Indeed.interesting question. an answer might be they are in genuine markets, competition and innovation, ability to upgrade and grow, have allowed them to prosper. other utilities are under tight regulation, no real market, barely any way to change. just deliver the service, while keeping up with 100 years of decaying infrastructure.
it's too simple to mix up the why and the how. many countries privatise their utilities, keeping the companies controled, directors on the board, retaining 50% ownership, golden shares etc. UK chose to go a different route ideologically, with mixed results.
Unfortunately in the UK we handed over public monopolies to private investors, increasingly foreign, for peanuts,
with minimal checks and balances (the UK being 'a great place to do business' as the Tories gloated at the time. Course it is, mate),
which allowed them to suck out all the profits even if it involved ransacking the business.

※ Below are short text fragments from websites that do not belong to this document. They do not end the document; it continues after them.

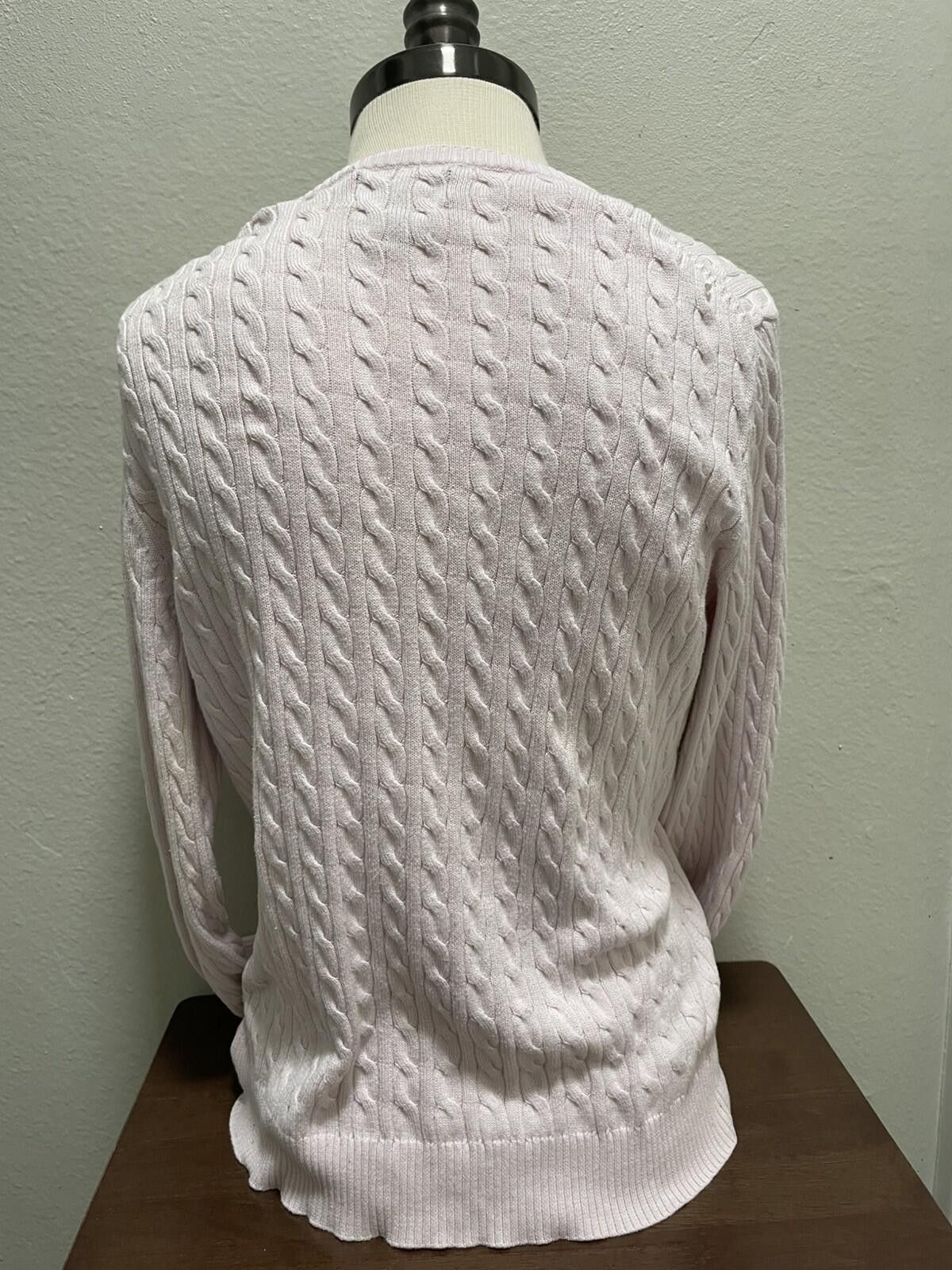 Sutton Studio Sutton Studio Pink Cable Knit Sweater Supima Cotton Womens L Size US L / EU 52-54 / 3 - 3 Thumbnail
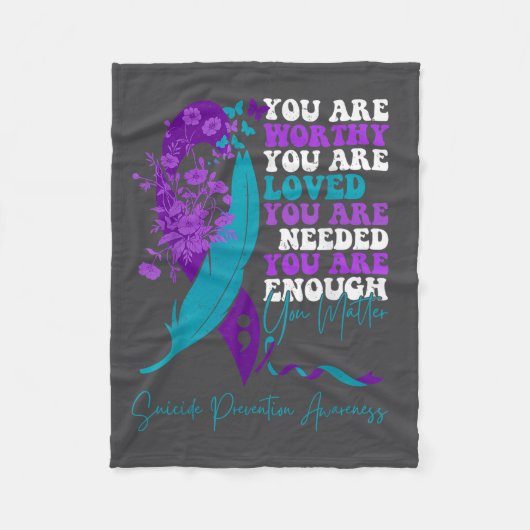 Suicide Prevention Awareness Teal Purple Ribbon Yo Fleece Deken (Voorkant)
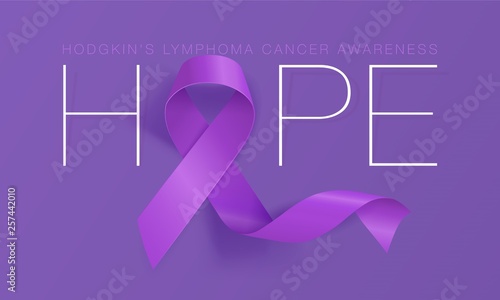 Hope. Hodgkin's Lymphoma Awareness Calligraphy Poster Design. Realistic Violet Ribbon. September is Cancer Awareness Month. Vector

And then in some cases they have come cap in hand to HMG for a bail out.
Which is what has happened to rail.
And which is what will happen with water.
In the UK privatization was a political maneuver.
It started as a means of unburdening the tax payer from loss making business,
especially those with Annoying Unions, like coal mining.
Bosh! Two birds killed with one stone.
Most people were secretly (or not so secretly) pleased to see Scargill defenestrated.
Then it morphed completely.
It became an electoral wheeze to create a nation of share owners, with a new vested interest in capitalism.
Tell Sid.
Sid was presented as someone given a once-in-a-lifetime chance to make a killing, and become a capitalist.
By buying into a state assest at a knock down price.
A state monopoly, that was guaranteed to make money.
British Gas.
That had absolutely f*** All to do with saving the public from subsidising a loss making business.